Ao fim de 20 anos, há naturalmente um "cansaço bloguístico"... Já fizemos pelo menos 10 "comissões na Guiné", cada uma de 2 anos... Não há "tuga" nem "turra" que aguente!... Tudo isto para dizer que é uma pena o texto intimista do Zé Teixeira passar um pouco ao lado, na voragem dos dias... Merecia ter, pelo menos, uma boa meia dúzia de comentários... Há uns anos atrás tê-los-ia... Desculpas ? Estamos "velhos e cansados"... Não vale a pena arranjar desculpas !...
O Zé Belo, distante, enigmático, lapónico..., interpelou-nos, mais um vez com uma questão existencial: "Será possível regressar de onde nunca se chegou para o que já não existe?"... A esta hora da manhã, sem tomar o meu pequeno almoço ("uma salada de banana, maçã reineta ou pera rocha, morangos, nozes da Califórnia e iogurte grego"... + um café!), não me atrevo a sequer a equacioná-la... quanto mais a tentar respondê-la... Mas mexe com a gente..., mexeu comigo!...
Como mexeu a leitura, a primeira que fiz hoje (e só hoje!, às 7 da manhã), da reflexão, pungente, do Zé Teixeira, "A guerra nunca acaba, fica connosco"... Levei um murro no estômago vazio!...Revi-me em grande parte na história de vida do Zé, o seu percurso foi o de muitos nós... Um calvário doloroso que cada um de nós, antigos combatentes, percorreu... antew, durante e depois da Guiné....Solitário!...Mesmo nos momentos mais exaltantes das nossas vidas, pessoais, familiares e coletivas, tivemos de pôr entre parênteses a p*ta da guerra que fomos obrigados a fazer e da qual regressámos com um sentimento, pesado, opressivo... Regressámos com vida, mas, muitos de nós, com a "morte na alma"... Cumprimos o "dever para com a Pátria! (!)" (que está sempre acima dos regimes políticos), ou seja, pagámos-lhe o "imposto de sangue" que ela nos exigiu... Retomámos o nosso lugar (que já não era o mesmo!), continuámos a ter o direito de viver aqui e agora, mesmo que muitos também tenham optado por seguir os caminhos da diáspora (e de "novos exílios", como o Zé Belo)...
Zé Teixeira, está lá tudo.
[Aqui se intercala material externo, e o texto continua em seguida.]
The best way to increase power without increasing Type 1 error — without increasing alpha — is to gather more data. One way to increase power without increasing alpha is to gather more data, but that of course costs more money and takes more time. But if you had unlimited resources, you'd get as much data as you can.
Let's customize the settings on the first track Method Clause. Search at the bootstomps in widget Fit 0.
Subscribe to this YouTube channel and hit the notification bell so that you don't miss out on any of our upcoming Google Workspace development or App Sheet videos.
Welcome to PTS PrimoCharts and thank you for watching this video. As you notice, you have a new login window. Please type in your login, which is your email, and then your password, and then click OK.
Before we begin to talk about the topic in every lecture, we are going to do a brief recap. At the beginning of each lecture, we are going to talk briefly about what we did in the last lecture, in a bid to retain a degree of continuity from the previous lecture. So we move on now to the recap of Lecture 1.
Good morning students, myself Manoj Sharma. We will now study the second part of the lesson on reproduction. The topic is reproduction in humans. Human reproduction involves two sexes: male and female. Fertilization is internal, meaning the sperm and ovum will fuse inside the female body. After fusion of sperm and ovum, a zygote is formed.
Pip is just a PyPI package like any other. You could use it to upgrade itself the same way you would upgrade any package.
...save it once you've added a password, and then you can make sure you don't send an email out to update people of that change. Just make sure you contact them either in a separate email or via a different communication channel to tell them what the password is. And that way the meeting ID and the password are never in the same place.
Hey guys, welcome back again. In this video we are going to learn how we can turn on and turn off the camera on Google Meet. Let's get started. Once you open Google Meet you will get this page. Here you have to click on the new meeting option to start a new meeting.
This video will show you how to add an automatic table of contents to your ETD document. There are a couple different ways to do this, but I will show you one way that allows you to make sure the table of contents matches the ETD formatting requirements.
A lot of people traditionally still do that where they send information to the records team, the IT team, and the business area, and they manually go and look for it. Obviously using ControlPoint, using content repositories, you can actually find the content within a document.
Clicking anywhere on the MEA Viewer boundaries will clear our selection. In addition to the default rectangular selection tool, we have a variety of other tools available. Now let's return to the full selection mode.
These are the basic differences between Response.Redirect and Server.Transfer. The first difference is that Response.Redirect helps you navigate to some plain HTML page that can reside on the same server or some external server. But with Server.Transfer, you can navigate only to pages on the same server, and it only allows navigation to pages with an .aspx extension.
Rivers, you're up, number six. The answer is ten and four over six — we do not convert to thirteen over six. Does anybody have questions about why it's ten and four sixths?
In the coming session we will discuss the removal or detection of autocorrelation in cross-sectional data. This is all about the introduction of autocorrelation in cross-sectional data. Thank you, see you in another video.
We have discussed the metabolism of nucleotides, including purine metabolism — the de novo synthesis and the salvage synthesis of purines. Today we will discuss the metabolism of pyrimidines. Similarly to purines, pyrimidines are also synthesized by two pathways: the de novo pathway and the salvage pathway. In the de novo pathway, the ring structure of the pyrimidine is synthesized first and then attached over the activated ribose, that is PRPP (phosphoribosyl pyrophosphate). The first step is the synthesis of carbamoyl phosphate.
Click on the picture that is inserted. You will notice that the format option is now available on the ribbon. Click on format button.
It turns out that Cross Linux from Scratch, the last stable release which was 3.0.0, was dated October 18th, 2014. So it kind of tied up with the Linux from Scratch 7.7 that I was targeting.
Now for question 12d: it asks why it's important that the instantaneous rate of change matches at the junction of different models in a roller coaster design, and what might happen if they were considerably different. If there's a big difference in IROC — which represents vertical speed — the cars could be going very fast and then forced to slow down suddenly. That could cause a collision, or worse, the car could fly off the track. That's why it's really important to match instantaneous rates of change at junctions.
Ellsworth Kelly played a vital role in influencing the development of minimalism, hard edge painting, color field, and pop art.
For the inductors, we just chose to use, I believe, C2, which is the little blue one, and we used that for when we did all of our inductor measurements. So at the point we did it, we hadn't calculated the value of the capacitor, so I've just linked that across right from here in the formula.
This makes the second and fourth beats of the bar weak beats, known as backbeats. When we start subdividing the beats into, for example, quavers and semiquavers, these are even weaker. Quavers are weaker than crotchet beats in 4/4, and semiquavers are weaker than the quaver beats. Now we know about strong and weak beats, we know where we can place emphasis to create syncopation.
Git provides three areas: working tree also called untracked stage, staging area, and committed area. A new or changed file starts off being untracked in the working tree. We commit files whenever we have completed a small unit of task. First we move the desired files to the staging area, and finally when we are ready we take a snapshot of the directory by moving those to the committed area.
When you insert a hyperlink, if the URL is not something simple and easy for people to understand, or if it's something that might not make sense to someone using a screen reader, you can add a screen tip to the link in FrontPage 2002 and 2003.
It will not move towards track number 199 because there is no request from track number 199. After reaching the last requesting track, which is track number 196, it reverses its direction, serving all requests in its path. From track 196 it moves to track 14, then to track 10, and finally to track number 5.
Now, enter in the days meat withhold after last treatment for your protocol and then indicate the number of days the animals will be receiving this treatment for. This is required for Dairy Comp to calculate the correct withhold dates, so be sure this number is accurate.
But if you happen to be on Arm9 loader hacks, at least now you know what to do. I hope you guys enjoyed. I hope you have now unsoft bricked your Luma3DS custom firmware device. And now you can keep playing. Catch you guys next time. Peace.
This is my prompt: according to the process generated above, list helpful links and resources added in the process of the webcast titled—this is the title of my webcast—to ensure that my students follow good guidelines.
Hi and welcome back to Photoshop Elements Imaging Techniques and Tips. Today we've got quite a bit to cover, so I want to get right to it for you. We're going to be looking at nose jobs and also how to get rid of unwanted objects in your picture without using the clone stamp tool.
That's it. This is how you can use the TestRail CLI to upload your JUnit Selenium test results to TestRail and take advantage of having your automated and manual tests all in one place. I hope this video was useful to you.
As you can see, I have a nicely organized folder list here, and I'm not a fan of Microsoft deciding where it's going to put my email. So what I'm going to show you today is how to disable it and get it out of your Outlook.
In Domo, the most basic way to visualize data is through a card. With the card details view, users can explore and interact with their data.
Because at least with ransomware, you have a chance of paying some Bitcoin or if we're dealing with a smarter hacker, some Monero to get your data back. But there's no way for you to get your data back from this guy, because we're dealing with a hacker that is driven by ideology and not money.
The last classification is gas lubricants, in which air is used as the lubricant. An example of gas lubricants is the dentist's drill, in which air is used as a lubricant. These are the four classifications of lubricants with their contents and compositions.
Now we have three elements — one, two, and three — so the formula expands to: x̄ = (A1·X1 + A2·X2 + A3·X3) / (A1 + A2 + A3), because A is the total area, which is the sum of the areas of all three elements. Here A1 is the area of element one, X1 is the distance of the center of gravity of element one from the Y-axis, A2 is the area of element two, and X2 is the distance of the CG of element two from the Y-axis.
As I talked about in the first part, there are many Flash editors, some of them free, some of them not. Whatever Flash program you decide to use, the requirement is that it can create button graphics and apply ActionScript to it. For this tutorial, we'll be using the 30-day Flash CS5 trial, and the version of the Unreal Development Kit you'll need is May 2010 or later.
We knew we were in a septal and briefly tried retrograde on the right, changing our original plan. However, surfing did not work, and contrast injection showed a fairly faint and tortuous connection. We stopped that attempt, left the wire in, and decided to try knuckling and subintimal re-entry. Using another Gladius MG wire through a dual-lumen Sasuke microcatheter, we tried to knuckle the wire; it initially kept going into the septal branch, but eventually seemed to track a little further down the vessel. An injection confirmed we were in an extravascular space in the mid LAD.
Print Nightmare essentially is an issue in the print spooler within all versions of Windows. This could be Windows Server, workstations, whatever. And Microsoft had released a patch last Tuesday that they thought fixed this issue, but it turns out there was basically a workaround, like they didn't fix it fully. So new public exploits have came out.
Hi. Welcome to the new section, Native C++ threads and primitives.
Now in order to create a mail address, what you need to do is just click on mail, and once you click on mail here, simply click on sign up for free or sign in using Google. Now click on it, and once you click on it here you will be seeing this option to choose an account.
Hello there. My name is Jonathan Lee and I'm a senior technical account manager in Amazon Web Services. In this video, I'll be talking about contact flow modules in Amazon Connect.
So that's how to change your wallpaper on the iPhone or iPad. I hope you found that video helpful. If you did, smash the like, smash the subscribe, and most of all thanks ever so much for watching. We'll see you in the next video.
De facto, a guerra nunca acaba, fica connosco. Nenhum de nós faria melhor. E arrematas com um sorriso e uma nota de esperança e de fé, reveladores da tua grandeza humana... Por outras palavras, e parafraseando o Pablo Neruda, disseste o que é importante: "Confesso que vivi"...(Horrível, ou pelo menos "chato", é chegar à porta do São Pedro, de mãos vazias, sem nada para negociar...).